Sans jamais citer le nom de Nicolas Sarkozy, il a dénoncé une «politique de dispersion, de réformes tous azimuts, incapable de choisir ses cibles et qui au bout du compte était peu visible, n'emportait pas l'adhésion des Français et n'avait pas l'efficacité escomptée».

«Je suis mal à l'aise dans la politique qui est menée aujourd'hui par la majorité», a-t-il lâché, avant de livrer une salve de critiques contre le gouvernement.

Evoquant le débat sur la burqa, il s'est interrogé pour savoir si «nous n'avons pas dans nos outils législatifs, réglementaires, les moyens d'apporter une juste réponse, mesurée, sans rechercher de bouc-émissaires, sans diviser les Français, sans montrer du doigt telle ou telle communauté?». «Le débat sur l'identité nationale a montré qu'on pouvait jouer sur tout», a-t-il encore estimé.

Proposant une série de «pistes» de réformes, avec en ligne de mire l'élection présidentielle de 2012, M. Villepin a expliqué ne pas être «là pour défendre une ambition personnelle», mais «pour défendre une vision, un projet et une conviction pour la France».

«Le mot d'ordre de mon combat, c'est une République solidaire», a-t-il résumé, réclamant la «justice sociale» et la «justice salariale». «Il faut suspendre le bouclier fiscal», a-t-il notamment réclamé.

«Bien sûr ce n'est pas l'heure des déclarations de candidatures, mais quand on présente un projet aux Français et pour notre pays il ne s'agit pas évidement de préparer les cantonales de 2011», a commenté le député villepiniste François Goulard sur RTL.

Hervé Mariton estime qu'il s'agit pour M. Villepin d'«une manière plus organisée, plus structurée, de stimuler le débat de fond qu'il porte d'assez belle manière».

«Est-ce qu'une oeuvre politique concourt à la préparation des présidentielles, évidemment, ça me paraît indispensable à la majorité.
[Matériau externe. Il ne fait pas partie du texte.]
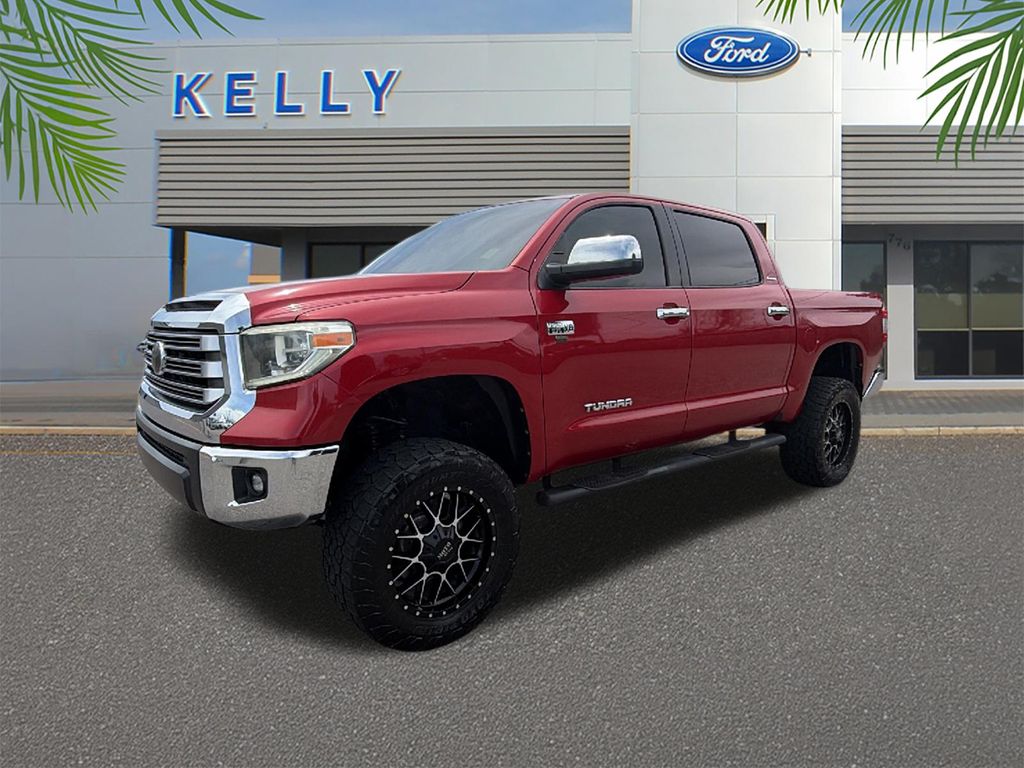Barcelona Red Metallic 2018 Toyota Tundra Pickup Truck Four-Wheel Drive 6-Speed Automatic Overdrive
On a manifestement besoin d'émulation et de stimulation dans le débat des idées», a expliqué le député villepiniste dans le Talk Orange-Le Figaro, précisant que le Club Villepin compte «un peu plus de 15 000 adhérents».

Le porte-parole adjoint de l'UMP, Dominique Paillé, a estimé sur LCI que «la logique comportementale de Dominique de Villepin depuis plusieurs mois» le conduit à créer «ce parti politique pour satisfaire ses ambitions personnelles, vraisemblablement».

Et de s'interroger sur les objectifs de l'ancien Premier ministre. «Veut-il être un plus pour le camp qui l'a toujours soutenu, même dans les moments difficiles, comme celui du CPE, ou veut-il tout simplement diviser un peu plus la famille politique qui l'a pourtant porté très longtemps et dans des conditions difficiles lorsqu'il était à Matignon?».

«On peut dire que Dominique de Villepin a le courage d'affirmer une position assez nette de rupture avec la rupture prônée par Nicolas Sarkozy», a estimé de son côté la socialiste Aurélie Filippetti sur LCI. «Quand j'entends le réquisitoire implacable fait par Dominique de Villepin contre la politique de Nicolas Sarkozy, je me dis qu'il aurait dû (appliquer) ces méthodes et ces principes au moment où lui-même était au pouvoir».

Le collectif Banlieues Respect affirme dans un communiqué qu'il «partage entièrement l'analyse de Dominique de Villepin, concernant les différents plans banlieues conçus au sommet de l'Etat, déversant des centaines de millions d'euros sur le terrain sans obtenir quelques années plus tard les résultats espérés».